Hiroshima sob a chuva negra
Aos moradores de Hiroshima e das suas redondezas não bastou terem sofrido o maior ataque atômica da história da humanidade, consumado em 6 de agosto de 1945. Os que sobreviveram à catástrofe foram vistos depois como uns amaldiçoados, almas penadas de quem todos queriam distância. Muitos dos que inicialmente escaparam com vida, sofreram de doenças cancerígenas que os levaram a uma morte longa e dolorosa, enquanto que outros, particularmente as mulheres mais jovens, foram colocadas na situação de párias, de intocáveis, porque suspeitavam que elas não pudessem mais gerar filhos saudáveis. Nunca os americanos, autores do bombardeio atômico, transcorrido decênios do ocorrido, manifestaram pesar pelo estrago ou arrependimento público pela matança que premeditadamente provocaram.

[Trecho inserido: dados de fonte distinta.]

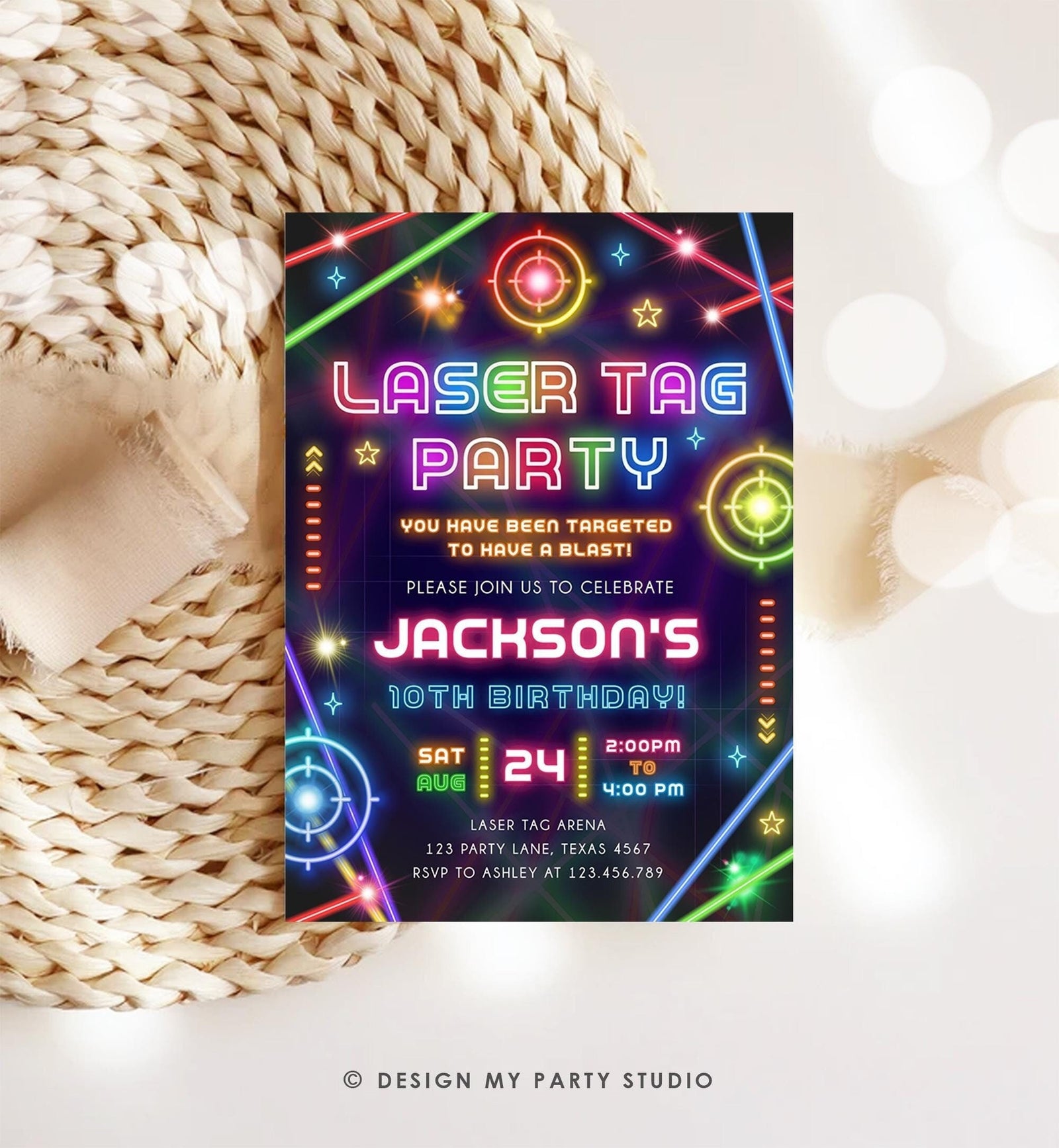 Editable Laser Tag Party Birthday Invitation Animals Neon Glow Arcade Lazer Game On Hall Boy Digital Download Evite Template Printable 0536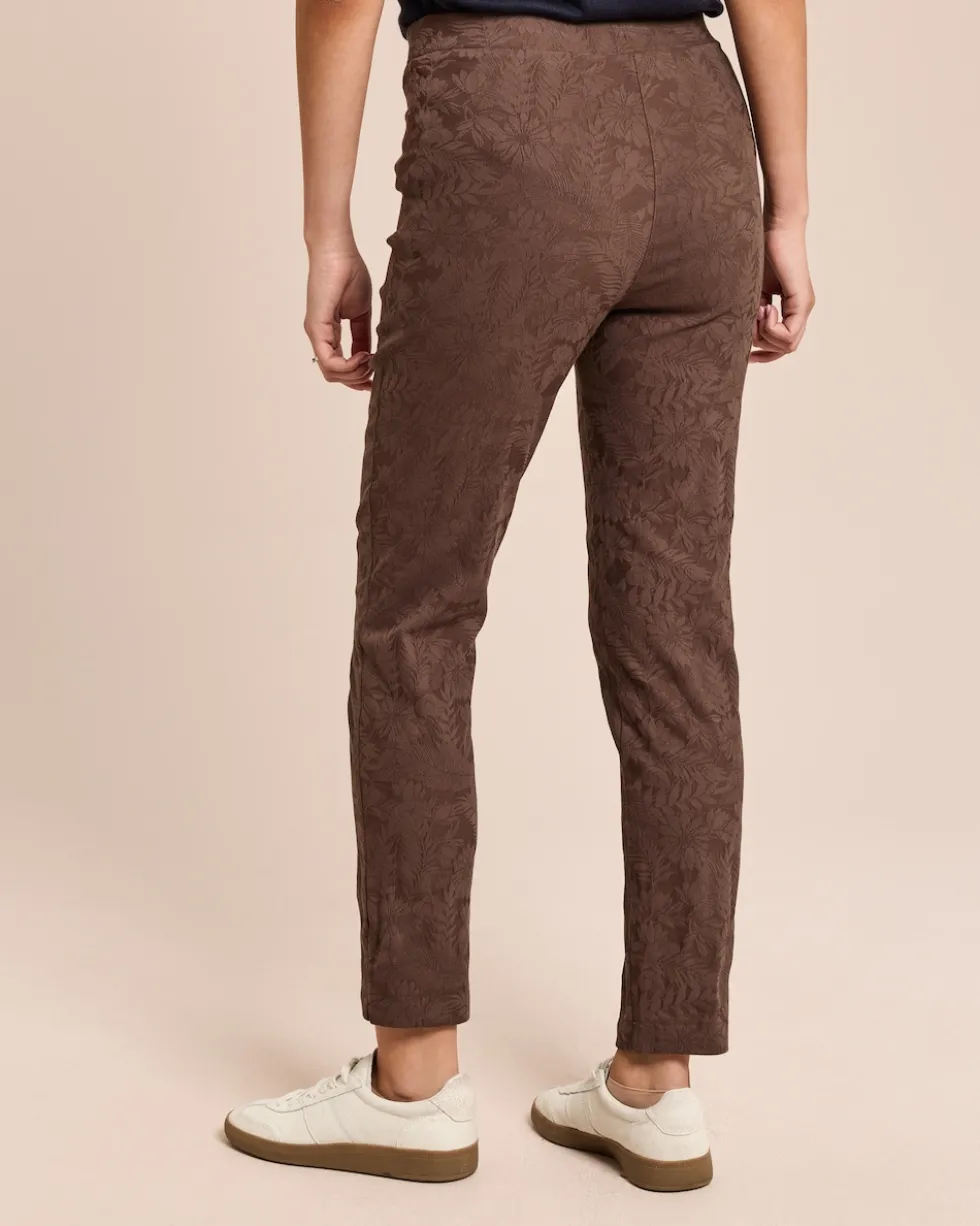 Slim Fit Schlupfhose Blumen-Jacquard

O significado do Sol para os japoneses
O Sol é, na maioria das culturas, universalmente reverenciado como a fonte da vida. É a grande estrela que nos traz a luz do dia e nos permite vislumbrar, pegar ou apalpar, as coisas que antes, na escuridão, apenas pressentíamos. Por isso, os gregos o identificaram com Apolo, seu deus favorito, e Platão, o maior dos seus filósofos, tinha-o como o mais magnífico símbolo da razão.
Porém, além de ser esclarecedor, o Sol também pode ser perverso, pois sua claridade excessiva pode cegar e o seu calor desmedido levar todos à loucura. Se for muito insistente, devastará as colheitas, queimará as matas, secará os rios e as gargantas, levando todos a morte. Por esses seus outros atributos, não positivos como os primeiros, é que chamavam também Apolo de sinuoso.
Os japoneses, por sua vez, tinham mais do que todos uma relação especial com o Sol. Não só o Grande Astro estava no centro da sua bandeira nacional, uma bola vermelha circundada por um pano branco, como a própria designação do país originava-se da palavra ol: Jin-pun, em chinês, deu origem Nipon, “o país da origem do sol”. De fato, era lá, nas mais de três mil ilhas que compõem o Japão, que a humanidade contemplava por primeiro seus raios brilhantes. Delas é que, antes dos outros povos, pode-se ver o alvorecer.
Imagine, portanto, a surpresa e a perplexidade da população de Hiroshima quando verificou que o sol, aquele mesmo sol que poucas horas antes havia nascido no malfadado dia de 6 de agosto de 1945, ao invés de seguir dali para irradiar outras terras, simplesmente desabou sobre a sua cidade.